Now comes the real test though, after the name and PR have got me in. Will the product be good enough to make me want to stay?
So far so good. After a kind of icky and hard to follow two page prologue that seems to be setting up the next big threat, we get to the X-Mansion where things are really hopping.
Kitty Pride makes for a great returning reader point of view character, as she too returns to the mansion after years of absence. She's grown and changed, a lot apparently since I last saw her as a teen, just as I have grown and changed a lot since the last time I was an X-Men reader.
She remarks on how somethings at the mansion never change. Which gave me as a returning reader a sense of comfort in knowing that though I may not have been around for a while. There were some familiar things that I could hold on to, and not feel lost about.
Yet as Kitty learns, there have been some changes, which is also refreshing because as a returning reader I want the familiar to a degree. Yet I also don't want to feel like I'm just reading a rehash of someone else's story.
Cyclops and Emma Frost dating is a strange pairing, I'm sure previous writers established it before I returned yet Joss setup all I needed to know in a few pages. I did keep waiting to see why Beast looks like a huge cat now, but I think I may have heard something about that a while back so it isn't anything new either.
I'm not entirely sure what to make of the big deal the team made out of changing costumes back to the original look, rather than the movie version tight leather. It seemed a bit more like author decree rather than story reason, yet if that's what it takes to make Joss have fun then that's fine.

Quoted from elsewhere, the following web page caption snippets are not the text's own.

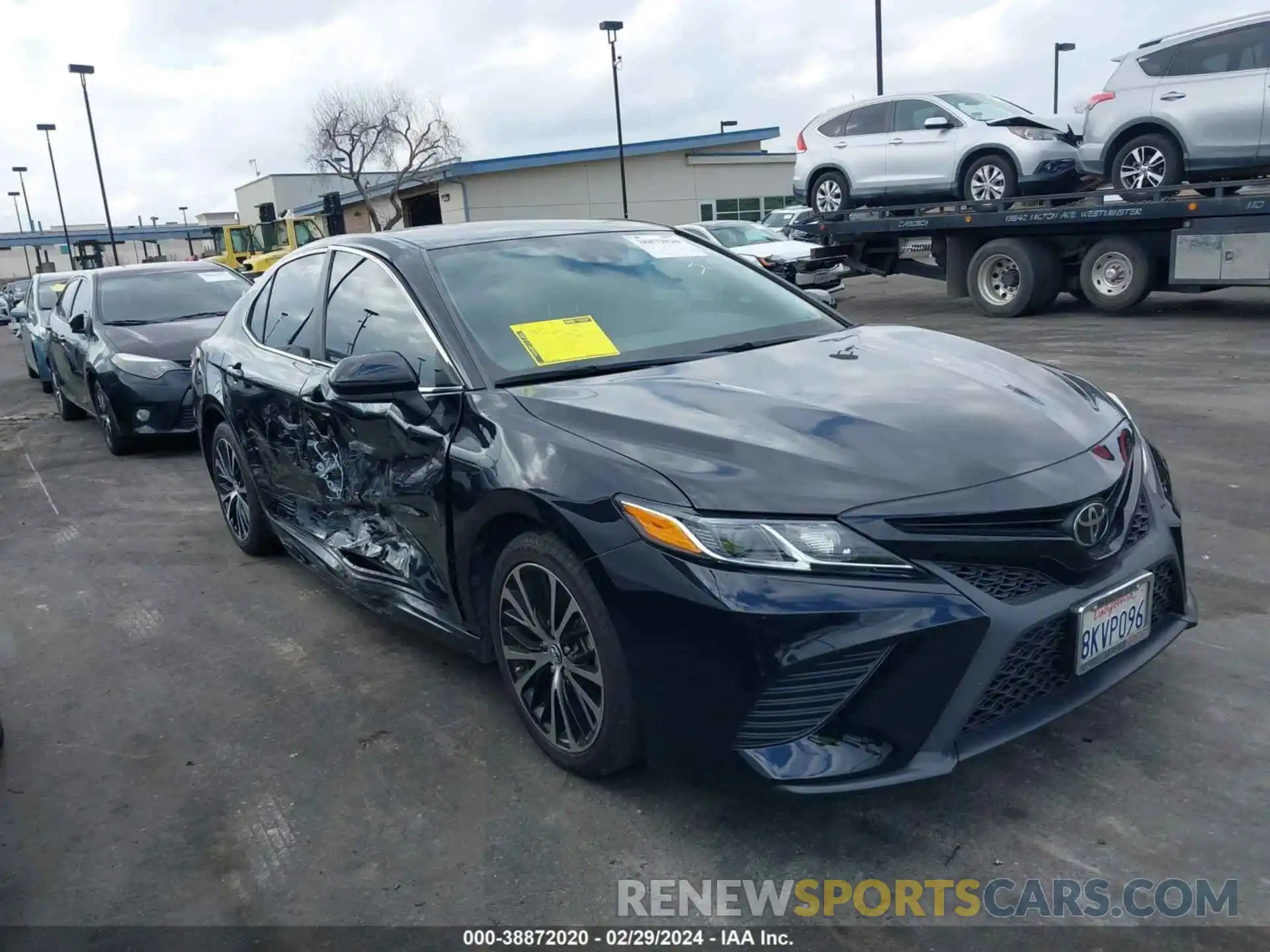 1 Photograph of a damaged car 4T1B11HK9KU817119 TOYOTA CAMRY 2019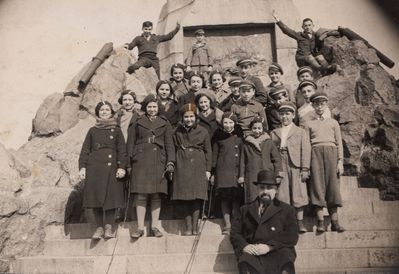Tallinn - 1939. Jewish Gymnasium - 1939-40 - 2 classes together
Left to right.
At bottom Kantor Gurevitsch.
I row from bottom (7): Schura  Goldmann, Ljuba Kan, Bella Pikarevitsch (Rosenfeld), Dina (Libe) Kuremaa (Naimark), Resi Zalkind, Bubi Fürst, Borja Rubinstein
II row from bottom (6): ?, Ruth Kamerasse, Hensi Pliner, Avi Nachumov?, ?, ?
Top row (7): ?,  Anni Pines, Ljuba Scherman, Julius Olivson, Schimon Rosinko, Sima Rapoport, ? 
Standing on top: Adi Besprosvanie, ?, Haim Blechman  
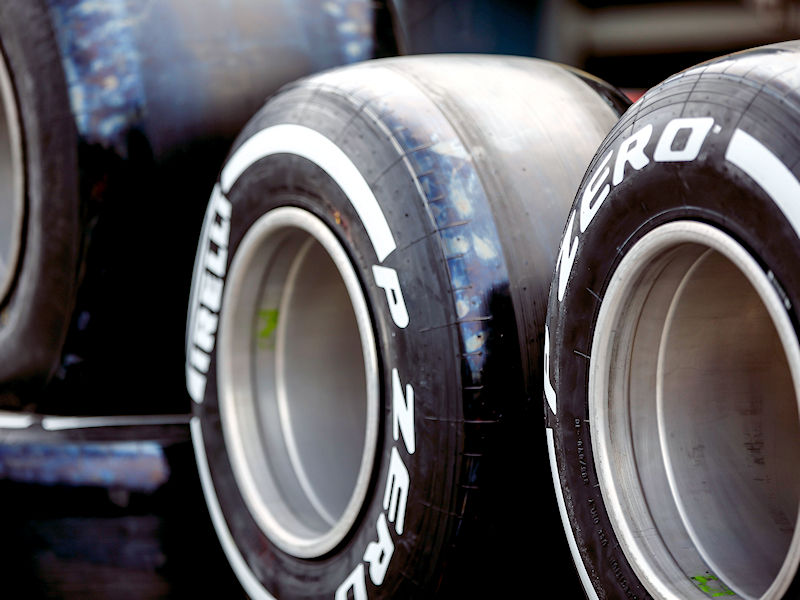 Pirelli Reifen F1 tb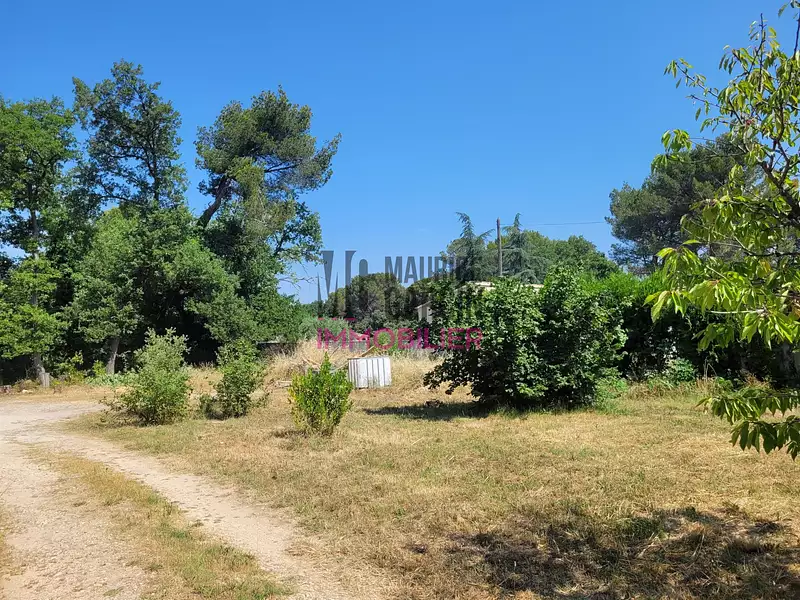 Terrain, 577 m²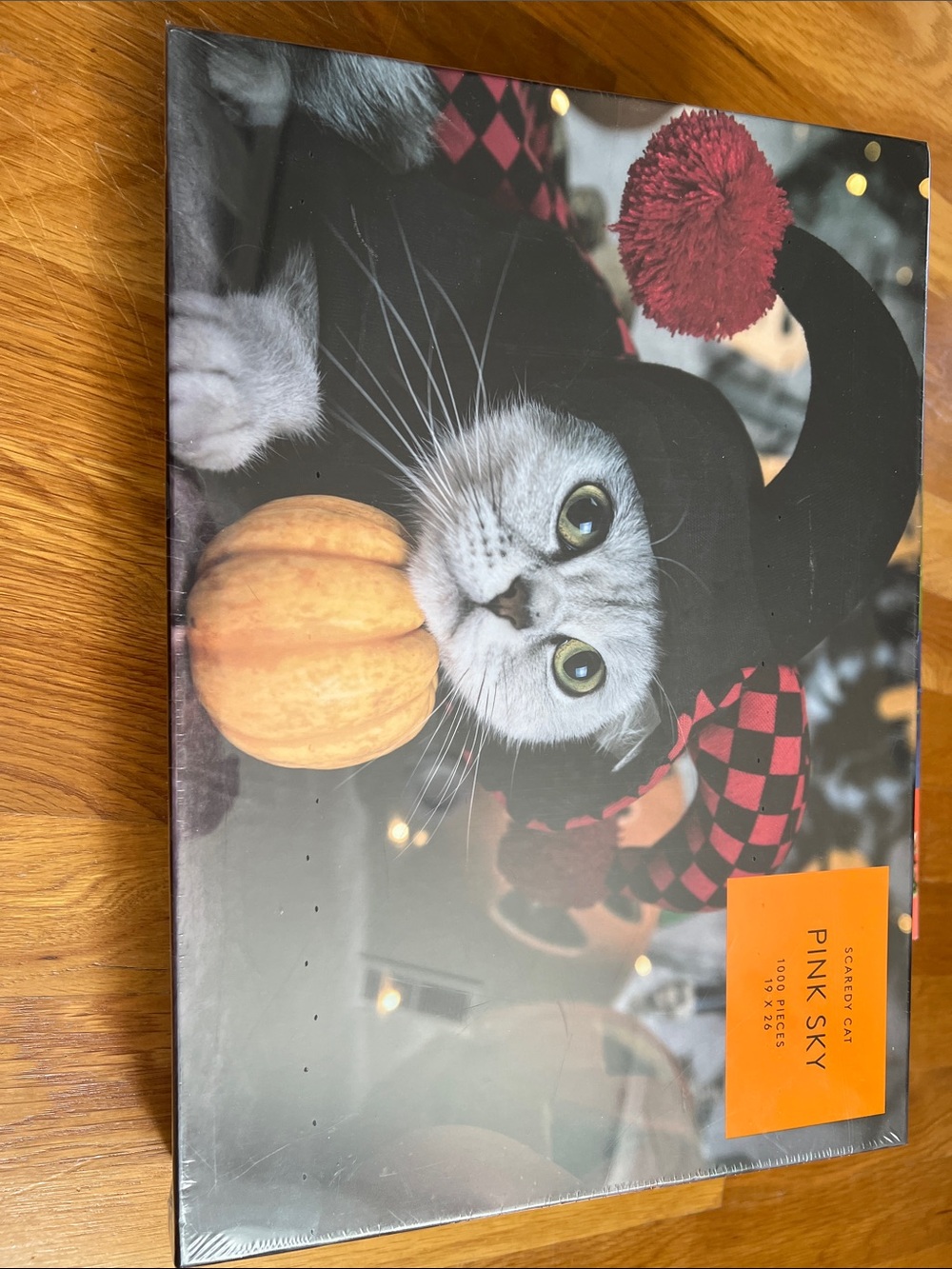 NEW Pink Sky Scaredy Cat Halloween Puzzle 1000 Pcs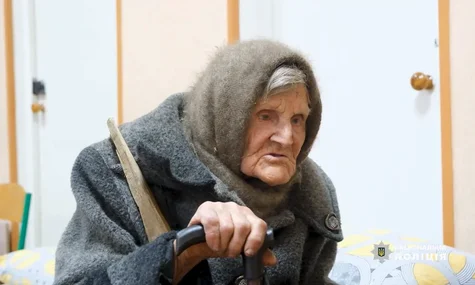 Померла 98-річна бабуся, яка пішки вийшла з окупованого Очеретиного, подолавши близько десяти кілометрів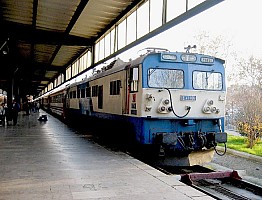 E43036 arriving from Ankara. 3-12-04. Istanbul Haydarpaşa. Photo & copyright Graham Williams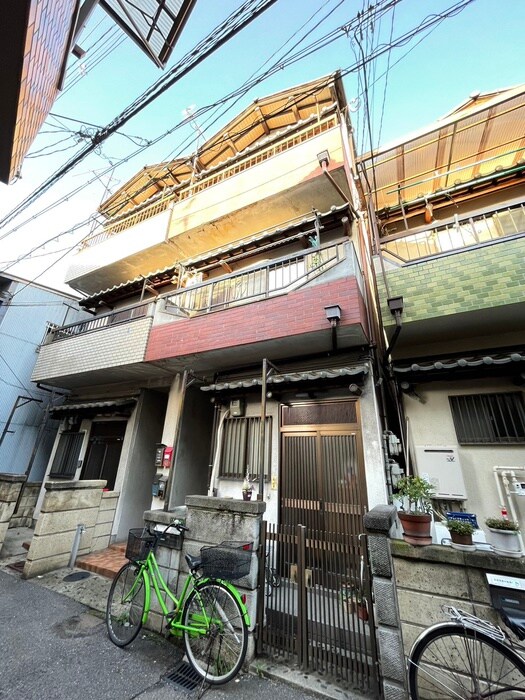 物件外観写真5　(外観写真)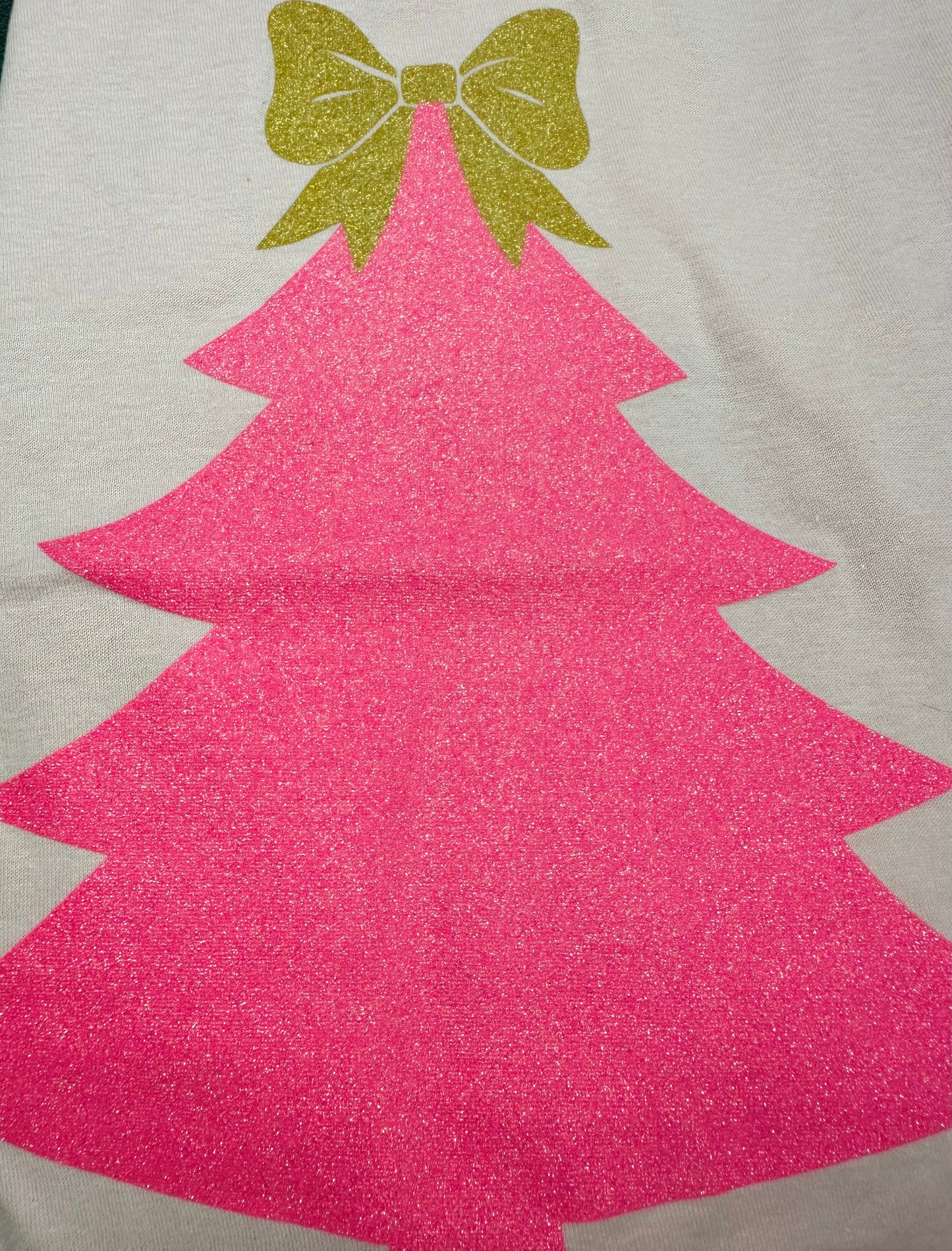 Dreaming Of A Pink Christmas (Pink)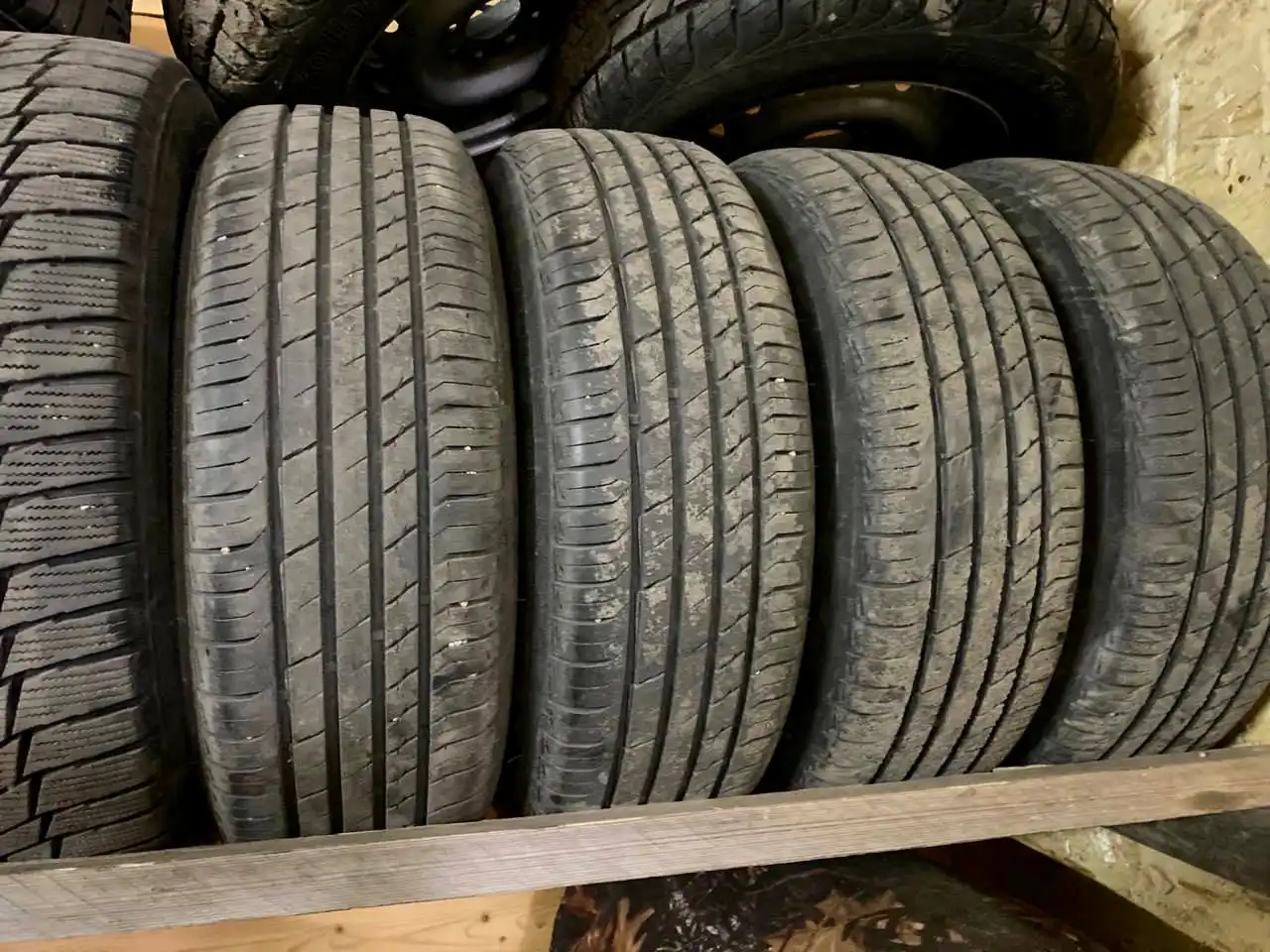 Колеса на новой резине литье 15 диаметр - Колеса и диски (Запчасти) в Барнаул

One of the more refreshing things about the book, was a real playful spirit. In this day of gloom and doom comics, it was nice to see a comic that can maintain the balance of telling a serious story with the right mixture of humor to keep things from getting too glum.
There is a bit too much a sense of setup in this issue though. Which is to be expected I suppose with a new series, and the expectations of readers (like myself) who need to be caught back up on things. And I did really enjoy the character bits sprinkled through out.
Yet I got very little sense of what the direction of the series will be, I like characterization and know that is Joss's strong suit. Yet there will hopefully be a very compelling enemy for me to root for our heroes against.
Art wise, Cassaday's figure work is pretty and his big action panels work very well. Yet there isn't a really good flow from panel to panel, and seems more like collections of various scenes stuck together. Which made me have to use my imagination a little more, to follow what happened inbetween the panels.
Still I'm pretty happy, and will check out the second issue of the run in the same fashion as I did this. Which given that I haven't followed any monthly pamphlet comic on a regular basis in over a year, is a win for Marvel's gambit of bringing in such a big name.